When Ellie and her friends go camping, they have no idea they’re leaving their old lives behind forever. Despite a less-than-tragic food shortage and a secret crush or two, everything goes as planned. But a week later, they return home to find their houses empty and their pets starving. Something has gone wrong–horribly wrong. Before long, they realize the country has been invaded, and the entire town has been captured–including their families and all their friends. Ellie and the other survivors face an impossible decision: They can flee for the mountains or surrender. Or they can fight.

Sometimes you want to read for pure entertainment, something that is fast-paced, action-packed but still interesting. Tomorrow, When the War Began is exactly like that, a real page-turner. I discovered the book on Jenclair’s blog last year and am really glad I read it. I am not too much into  series but this start into the Tomorrow Series was really gripping. Too bad that it isn’t an independent book. It’s rather a series in the spirit of the TV series Lost. It always ends when it’s most supenseful, when something big happens. You really have to go on reading if you want to know what’s going to happen next. Jenclair has read all the books meanwhile. You can find her second review here.

Ellie and her friends go camping instead of participating in a cattle show that takes place during Commemoration Day. They make a trip into the Australian mountains and discover a place that very possibly no one has ever seen before. Or only one person, a hermit, who is said to have lived there.
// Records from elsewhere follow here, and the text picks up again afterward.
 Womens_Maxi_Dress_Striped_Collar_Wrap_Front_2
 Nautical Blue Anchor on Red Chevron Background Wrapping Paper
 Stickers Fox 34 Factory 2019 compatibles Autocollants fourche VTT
The hermit is a man who has been accused of the murder of his wife and baby and escaped into the mountains.

The place they discover is enchanted. It seems to belong to another world, untouched by civilization. They enjoy their stay a lot and leave only reluctantly. When they arrive at their homes, the coming back is a brutal one. Their houses and farms have been abandoned, their animals are dead or dying. Bit by bit they discover that Australia has been invaded and all the people are captives.
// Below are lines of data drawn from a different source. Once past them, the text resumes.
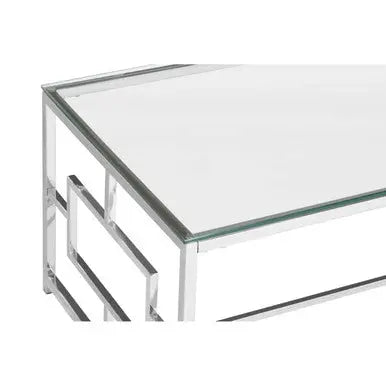 Silver Reflective Frame Coffee Table with Clear Tempered Glass Top, Allure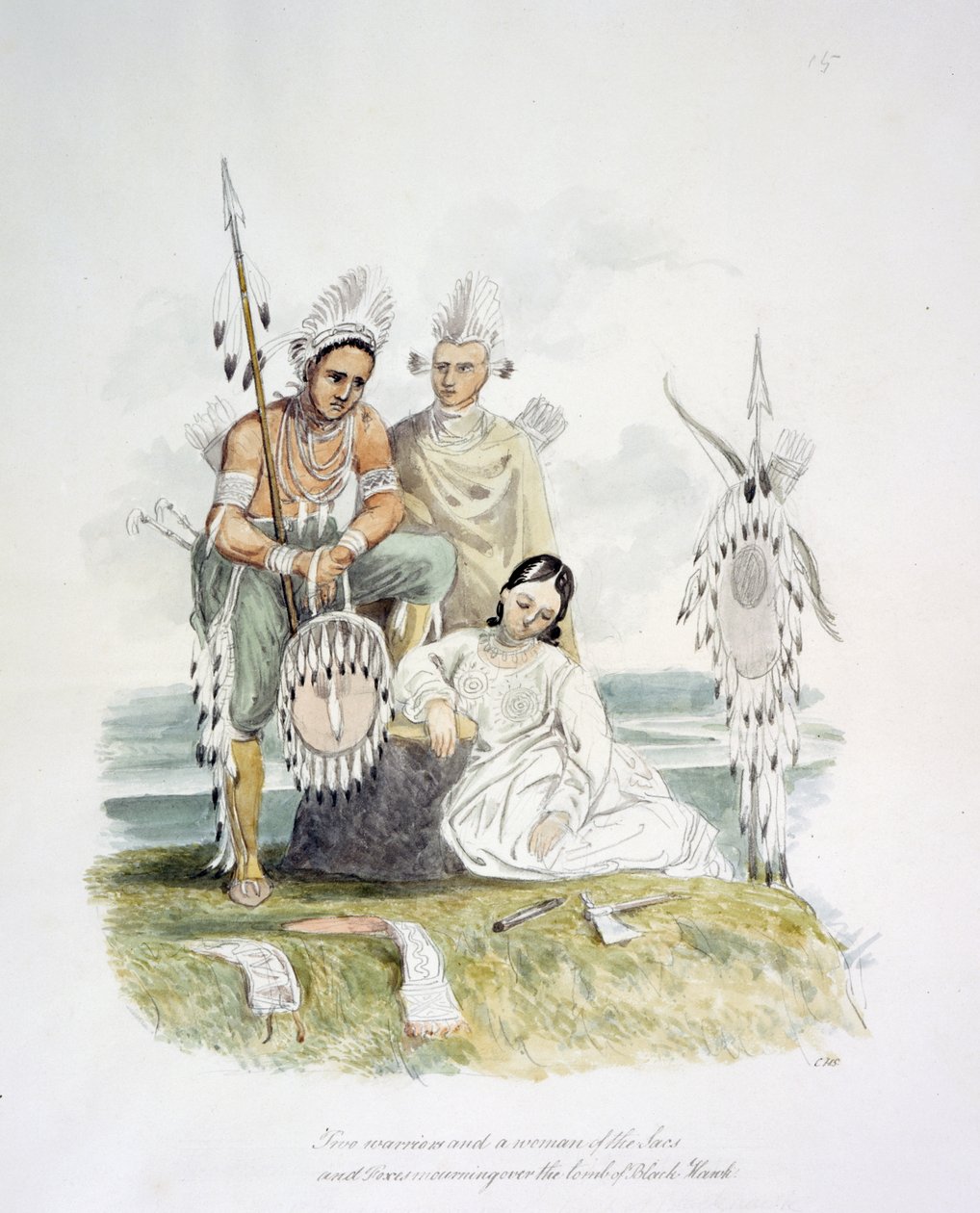 萨克人和狐狸人的两名战士和一名妇女在黑鹰墓前哀悼，约 1843-50 年（水彩画） 作者 未知艺术家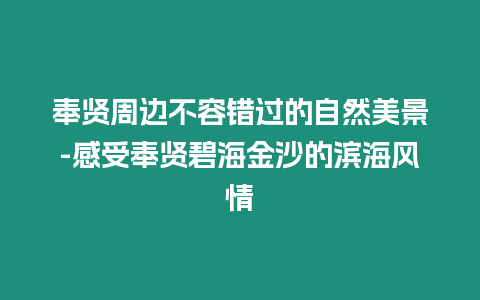 奉賢周邊不容錯過的自然美景-感受奉賢碧海金沙的濱海風情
The adventures that follow are numerous and dangerous. They first need to find out what happened, then they need to make decisions. How are they going to live and where? How will they hide, what will they eat? It seems natural that they return to the hidden place in the mountains. The country is swarming with foreign soldiers and every expedition is a trial.

We never hear who has invaded the country but we learn why. People in neighbouring poor countries couldn’t accept that a lot belongs to a few rich people and they came to redistribute what is here.
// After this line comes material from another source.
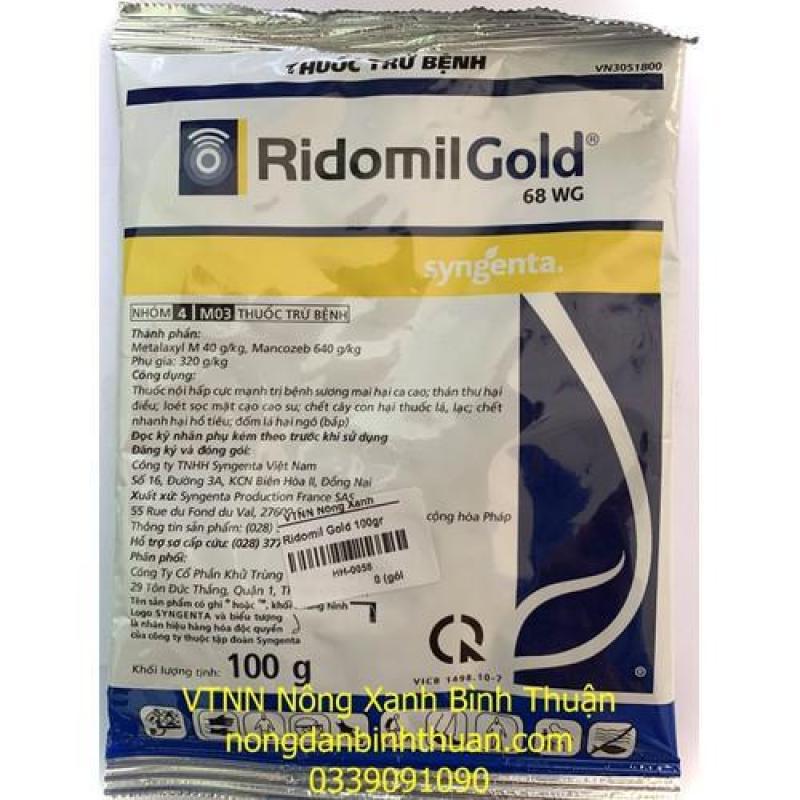 Ridomin Gold 68WG  Trừ bệnh vàng lá mai vàng, đốm lá hoa hồng, đốm lá hoa lan, chết nhanh hồ tiêu Ridomin Gold 68WG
What I liked particularly is the setting. I have never been to Australia but I have seen movies and it is a country whose landscape fascinates me. The setting is rendered very well, in a very descriptive manner. I liked the exploration of topics like war, murder, social justice and injustice. I was just wondering for a moment if it is ethical, to base a book on the idea that poor people or a poor country could act in such an aggressive way. I think what Marsden had in mind, was raising the awareness that there are people less well off than those in the Western hemisphere. Another question that arose was whether they would have the military power to invade.

The characters are not all equally well drawn, two stay a bit schematic but that may change in the future books, maybe they will be more developed.

If you want to read something that is really absorbing, this is a good choice.

Did I mention it is a YA novel? I often enjoy the topics they explore and this is no different. Part one of the series has been made into a film. I haven’t seen it, no idea if it is any good.

Do you like series and if so which ones?